Abstract:
Background. Current Prostate cancer screening methods have major drawbacks, such as
high rates of false-positive (70%), failure to detect clinically relevant tumors (20-30%), and
considerable inter-observer variability. Artificial intelligence holds promise to enhance
outcomes in the entire screening process.
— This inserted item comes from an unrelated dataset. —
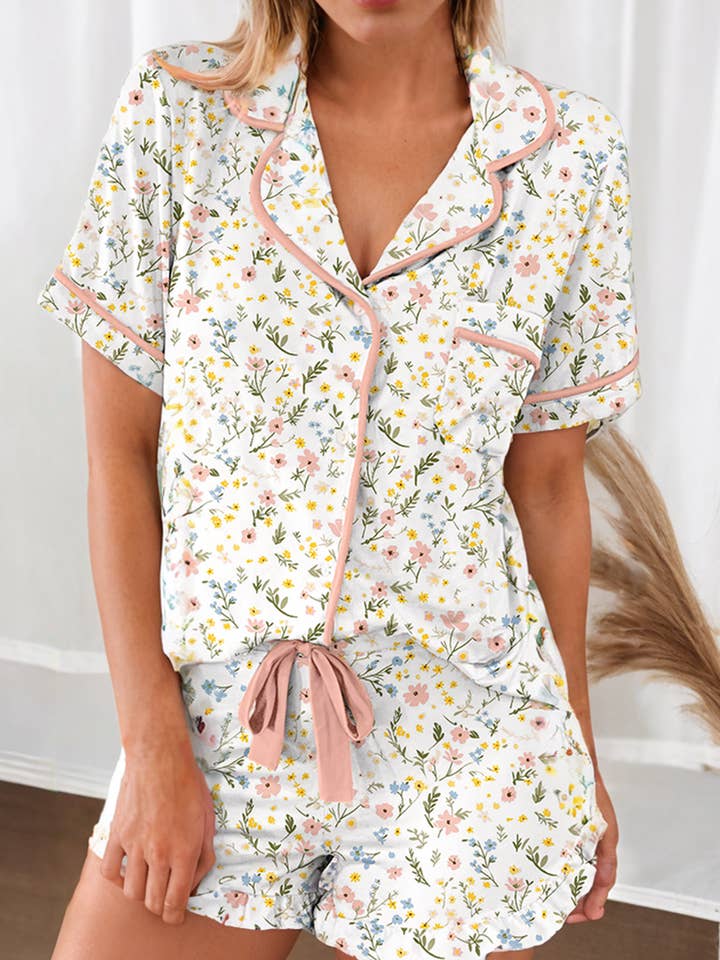 Little Daisy Closet - Wholesale Sleepwear Set - Women's - LDC Floral Casual Short Sleeve Two piece Pajamas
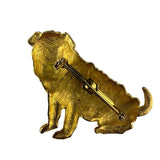 Gold Tone Dog Brooch Pin Shar-Pei Wrinkled Design Vintage Animal Jewelry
Objective(s). To critically examine AI integration in prostate cancer screening, analyzing its
diagnostic performance, clinical relevance, and implementation challenges to guide
informed, evidence-based adoption.
Materials and methods. A narrative review using a systematic search of major databases
(PubMed/MEDLINE, Scopus, Google Scholar) following the SANRA guidelines. Studies
focusing on AI applications in PSA analysis, MRI interpretation, Histopathology, and multimodal diagnostic methods from 2018 - 2025 were included. Study quality assessment used
adapted QUADAS-2 criteria.
Results. AI outperformed traditional approaches across all diagnostic modalities. PSA
Analysis (0.82-0.89 vs 0.59-0.63 for conventional methods), digital pathology (97.4%
sensitivity,94.8% specificity), and MRI methods (AUC 0.91 vs 0.86 for radiologists). The
FDA-approved Paige system enhanced pathologist sensitivity by 8% while preserving
specificity. In the PI-CAI trials (n=10207 MRIs), AI diagnosed 6.8% more clinically relevant
tumors at equivalent specificity. Combined AI systems improved risk stratification by over
13-15%. Economic analysis also showed cost-effectiveness and its potential to reduce
diagnostic workload by 60-80%.
Conclusion(s). AI is clinically ready for prostate cancer screening, supported by extensive
validation studies. Effective implementation depends on infrastructure, workflow
integration, and clinician training. AI can enhance diagnostic accuracy and reduce unwanted
procedures, advancing prostate cancer screening.